:: What you should do ::
Could you reproduce every entry as it stands, leaving the pictures behind?

━━━━━━━━

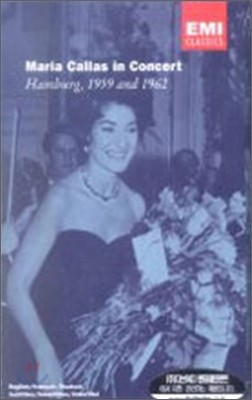 Maria Callas In Concert - Hamburg, 1959 And 1962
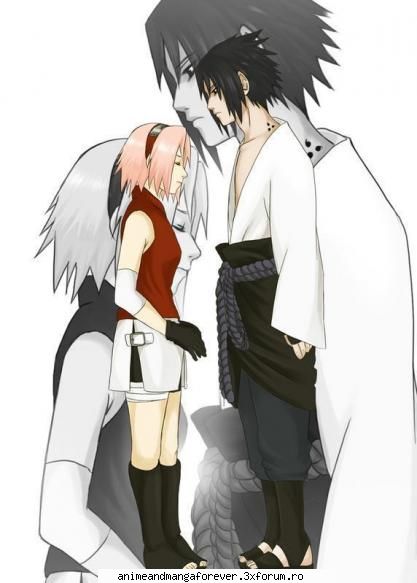 sasuke and sakura imi place poza asta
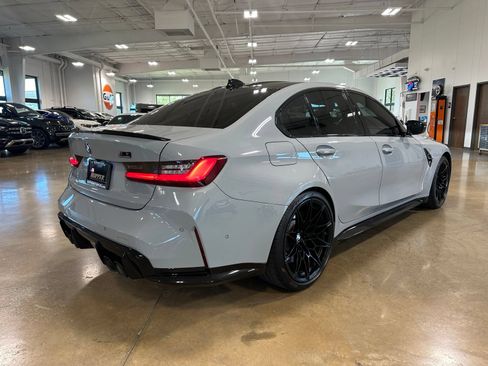 Used 2021 BMW M3 Competition w/ Executive Package RWD image 8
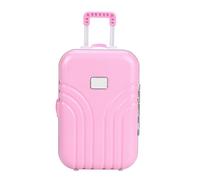FILFEEL Carnaval Commerçant Enfants Valise Jouet Mignon en Plastique Valise à roulettes Mini boîte à Bagages()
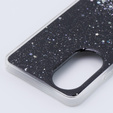 Калъфи за Oppo A58 4G, Glittery, черен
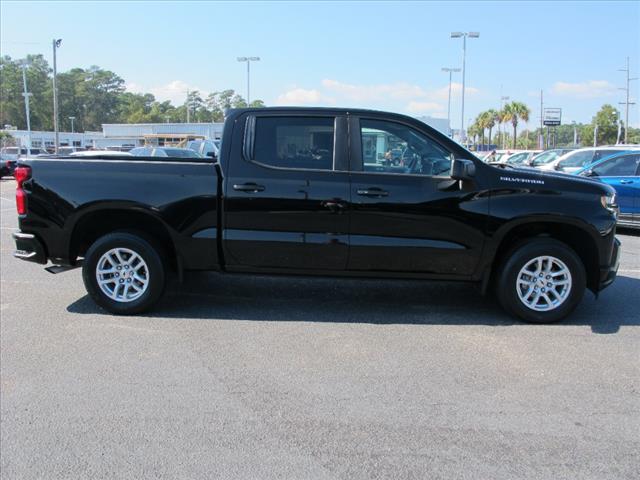 used 2021 Chevrolet Silverado 1500 car, priced at $36,995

━━━━━━━━

:: Answer area ::
 Maria Callas In Concert - Hamburg, 1959 And 1962
 sasuke and sakura imi place poza asta
 Used 2021 BMW M3 Competition w/ Executive Package RWD image 8
FILFEEL Carnaval Commerçant Enfants Valise Jouet Mignon en Plastique Valise à roulettes Mini boîte à Bagages()
 Калъфи за Oppo A58 4G, Glittery, черен
 used 2021 Chevrolet Silverado 1500 car, priced at $36,995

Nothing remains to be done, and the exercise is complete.